I’ve been doing a lot of research on career planning as I craft the materials for ACanofCoke.com, my program to provide college- and career-readiness guidance to high school and college students who need additional support. I came across Mike Rowe’s video entitled “Don’t follow your passion. Do this instead.” I don’t agree with his entire outlook though I think his point has value. I think passion is an important part of building a life and career that brings us happiness and fulfillment. But passion isn’t enough; it’s only one part of a more complex equation:
Passion + ability + opportunity = a career (and life) worth having
Identify what you love to do. Evaluate whether or not that’s where your talent lies, or where it could lie with practice and a strong work ethic. Determine the size of the opportunity that could utilize your passion and talent, or develop a plan that creates that opportunity if it doesn’t exist.
Building each piece of the left side of that equation isn’t easy, though it’s the only way to turn that right side from a dream into a reality.
A week from now, I’ll be in Charlottesville at my 10th reunion with my dear Darden MBA friends. Those two years were joyful and difficult. They were filled with learning and challenges and triumphs. I was sometimes disappointed and sometimes elated. I failed and succeeded in equal amounts. I worked my tail off every single day. And the greatest thing I received there was not a degree but the amazing relationships I formed. We started that journey as classmates, students, professors, and staff members. Two years later, we were friends. And that is priceless. Can’t wait to give all of you a hug in a week!

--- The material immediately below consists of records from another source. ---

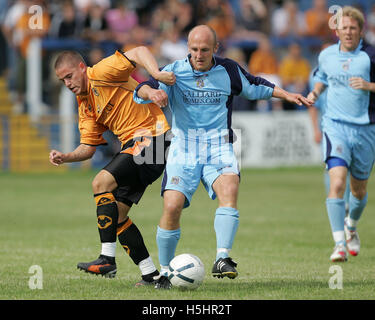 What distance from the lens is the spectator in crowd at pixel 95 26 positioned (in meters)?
21.6

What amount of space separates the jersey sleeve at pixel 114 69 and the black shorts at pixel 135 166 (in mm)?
601

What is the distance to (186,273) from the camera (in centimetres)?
681

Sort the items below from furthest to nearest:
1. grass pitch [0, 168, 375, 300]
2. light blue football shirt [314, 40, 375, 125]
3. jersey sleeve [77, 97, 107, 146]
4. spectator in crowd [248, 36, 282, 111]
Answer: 1. spectator in crowd [248, 36, 282, 111]
2. light blue football shirt [314, 40, 375, 125]
3. jersey sleeve [77, 97, 107, 146]
4. grass pitch [0, 168, 375, 300]

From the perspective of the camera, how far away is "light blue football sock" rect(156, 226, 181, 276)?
23.4 ft

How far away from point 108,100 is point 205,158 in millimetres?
1040

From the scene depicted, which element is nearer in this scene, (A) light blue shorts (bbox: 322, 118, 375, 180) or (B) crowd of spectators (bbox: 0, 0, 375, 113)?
(A) light blue shorts (bbox: 322, 118, 375, 180)

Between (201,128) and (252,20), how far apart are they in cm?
1657

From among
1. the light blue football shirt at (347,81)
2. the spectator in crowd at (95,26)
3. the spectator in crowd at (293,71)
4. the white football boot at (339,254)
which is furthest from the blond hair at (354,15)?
the spectator in crowd at (95,26)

Monday night I met with the team over at Notion Theory, a fantastic design shop that specializes in being a CTO for-hire (among many other amazing specialties!) I spoke to them about my virtual guidance counseling idea. They could have quoted me an outrageous amount of money to build a proof-of-concept. Instead, they said it could be done for $0 and I could do it myself in a few hours with free online tools. Sure, it will be a little manual but for MVP, it can be hacked together. What I really need to focus on is finding a couple of schools with a small amount of students who are willing to let me test the idea on them. I think it’s pretty amazing for a design shop to tell me that right now I don’t need to pay them a cent. The time for a slick seamless interface will come, but right now I just need to find people who want my help. Given how much need there is, I can get started right away with what I’ve got.
I recently took an Amtrak train up to New York for a long weekend. I love the train for many reasons, especially because it gives me a chance to roll past my alma mater – the University of Pennsylvania. I always get a little teary eyed. Those years were hard for me. I learned a lot. Struggled a lot. Grew a lot. And growth is often painful. It’s uncomfortable to become something. It’s scary and difficult. And yet, it must be done. To become the people we’re meant to be, we have to grow and evolve. We need to learn hard, painful lessons about life, about the world, and about ourselves. Sometimes I think it’s a miracle of the highest order that I even survived. Do I wear my diploma like a badge of honor? You bet I do. I earned every letter of that sucker and then some. I wouldn’t want to do it over again, and yet I’m grateful for it. It taught me to stare into the fire and smile instead of flinch. And that kind of strength is invaluable. It erases fear.
The Tuesday after Labor Day was always the first day of school for me when I was a kid. This time of year always feels like the New Year to me. I look forward to Fall all year, and I’m looking forward to it more than ever this year. Apple and pumpkin in everything. Boots and sweaters. Beautiful leaves. Crisp, fresh air. A feeling of hopefulness. I’m excited to see what it holds for all of us, whether we’re in school or not.